⟨

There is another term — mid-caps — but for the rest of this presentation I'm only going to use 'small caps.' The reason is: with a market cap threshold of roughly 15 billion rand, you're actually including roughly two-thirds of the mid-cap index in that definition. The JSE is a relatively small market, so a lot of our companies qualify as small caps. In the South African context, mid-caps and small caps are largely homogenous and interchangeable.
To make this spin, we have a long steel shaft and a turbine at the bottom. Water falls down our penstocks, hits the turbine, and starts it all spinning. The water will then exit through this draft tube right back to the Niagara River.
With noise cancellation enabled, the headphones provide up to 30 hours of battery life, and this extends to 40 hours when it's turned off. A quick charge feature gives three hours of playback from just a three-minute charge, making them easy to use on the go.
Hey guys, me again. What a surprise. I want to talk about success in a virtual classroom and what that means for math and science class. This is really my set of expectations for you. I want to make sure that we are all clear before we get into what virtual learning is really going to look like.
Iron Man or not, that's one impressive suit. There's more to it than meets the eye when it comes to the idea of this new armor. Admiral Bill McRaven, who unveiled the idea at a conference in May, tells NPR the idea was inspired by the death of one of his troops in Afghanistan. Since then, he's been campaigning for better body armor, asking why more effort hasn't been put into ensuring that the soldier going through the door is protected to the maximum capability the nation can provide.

⟩
⟨

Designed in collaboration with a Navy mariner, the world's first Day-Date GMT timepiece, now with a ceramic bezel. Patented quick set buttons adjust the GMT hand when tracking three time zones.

⟩

Task prompt. Note each line of the entries that has "quick" in it, and copy those lines.

Reply.
With noise cancellation enabled, the headphones provide up to 30 hours of battery life, and this extends to 40 hours when it's turned off. A quick charge feature gives three hours of playback from just a three-minute charge, making them easy to use on the go.
Designed in collaboration with a Navy mariner, the world's first Day-Date GMT timepiece, now with a ceramic bezel. Patented quick set buttons adjust the GMT hand when tracking three time zones.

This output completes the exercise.